**What is expected**
Retype the data below in full, keeping every character as it is.

Data shown START

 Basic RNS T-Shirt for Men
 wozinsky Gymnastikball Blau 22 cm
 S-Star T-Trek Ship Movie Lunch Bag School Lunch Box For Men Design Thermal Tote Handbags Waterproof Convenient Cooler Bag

Data shown END

**Written solution**
 Basic RNS T-Shirt for Men
 wozinsky Gymnastikball Blau 22 cm
 S-Star T-Trek Ship Movie Lunch Bag School Lunch Box For Men Design Thermal Tote Handbags Waterproof Convenient Cooler Bag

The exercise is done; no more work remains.